What is being asked: The output should consist solely of the line containing "Pokemon TCG Dark" and the lines that follow it through the end of the data below.
*** Block opens ***
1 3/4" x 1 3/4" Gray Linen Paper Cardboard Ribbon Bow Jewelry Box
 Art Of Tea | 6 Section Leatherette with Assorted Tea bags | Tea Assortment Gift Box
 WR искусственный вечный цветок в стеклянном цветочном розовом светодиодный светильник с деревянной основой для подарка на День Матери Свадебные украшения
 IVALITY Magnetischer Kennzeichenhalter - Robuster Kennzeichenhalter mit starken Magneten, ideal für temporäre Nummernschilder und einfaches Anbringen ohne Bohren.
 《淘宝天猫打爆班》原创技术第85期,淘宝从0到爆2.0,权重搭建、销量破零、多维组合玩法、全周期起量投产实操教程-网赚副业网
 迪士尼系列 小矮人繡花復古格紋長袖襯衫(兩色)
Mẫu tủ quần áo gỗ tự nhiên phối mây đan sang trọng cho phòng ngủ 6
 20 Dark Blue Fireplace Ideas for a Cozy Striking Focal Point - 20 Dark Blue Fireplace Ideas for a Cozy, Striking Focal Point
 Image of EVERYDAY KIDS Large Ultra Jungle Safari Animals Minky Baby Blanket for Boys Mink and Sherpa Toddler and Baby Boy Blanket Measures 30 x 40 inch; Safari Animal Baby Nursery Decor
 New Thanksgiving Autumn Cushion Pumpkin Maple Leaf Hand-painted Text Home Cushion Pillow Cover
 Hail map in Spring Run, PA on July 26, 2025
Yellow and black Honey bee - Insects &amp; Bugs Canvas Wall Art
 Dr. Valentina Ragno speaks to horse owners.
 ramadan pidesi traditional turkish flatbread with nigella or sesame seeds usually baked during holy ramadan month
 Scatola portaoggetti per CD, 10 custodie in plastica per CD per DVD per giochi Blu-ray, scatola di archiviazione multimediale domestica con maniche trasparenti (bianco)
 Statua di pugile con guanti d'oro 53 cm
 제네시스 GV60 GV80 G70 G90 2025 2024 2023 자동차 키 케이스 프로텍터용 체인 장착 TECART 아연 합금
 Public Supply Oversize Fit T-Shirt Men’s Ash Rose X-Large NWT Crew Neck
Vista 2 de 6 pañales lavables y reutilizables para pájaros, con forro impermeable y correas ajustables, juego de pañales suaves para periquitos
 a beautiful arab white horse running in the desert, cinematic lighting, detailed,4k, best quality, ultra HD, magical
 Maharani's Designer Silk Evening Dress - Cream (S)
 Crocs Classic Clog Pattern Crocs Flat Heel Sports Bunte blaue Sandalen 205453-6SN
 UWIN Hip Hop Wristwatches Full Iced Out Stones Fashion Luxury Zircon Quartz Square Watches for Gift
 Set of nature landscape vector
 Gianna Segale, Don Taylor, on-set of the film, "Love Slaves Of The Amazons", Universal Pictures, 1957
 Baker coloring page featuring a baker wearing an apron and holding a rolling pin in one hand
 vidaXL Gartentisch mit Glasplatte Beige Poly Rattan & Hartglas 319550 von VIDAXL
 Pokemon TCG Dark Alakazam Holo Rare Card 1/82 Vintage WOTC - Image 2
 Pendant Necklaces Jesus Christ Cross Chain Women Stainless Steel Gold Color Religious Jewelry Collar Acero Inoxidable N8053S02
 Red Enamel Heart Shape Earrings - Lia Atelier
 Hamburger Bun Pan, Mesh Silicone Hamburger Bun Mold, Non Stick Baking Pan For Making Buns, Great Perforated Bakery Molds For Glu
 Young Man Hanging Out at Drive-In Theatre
*** Block closes ***
Task result:
 Pokemon TCG Dark Alakazam Holo Rare Card 1/82 Vintage WOTC - Image 2
 Pendant Necklaces Jesus Christ Cross Chain Women Stainless Steel Gold Color Religious Jewelry Collar Acero Inoxidable N8053S02
 Red Enamel Heart Shape Earrings - Lia Atelier
 Hamburger Bun Pan, Mesh Silicone Hamburger Bun Mold, Non Stick Baking Pan For Making Buns, Great Perforated Bakery Molds For Glu
 Young Man Hanging Out at Drive-In Theatre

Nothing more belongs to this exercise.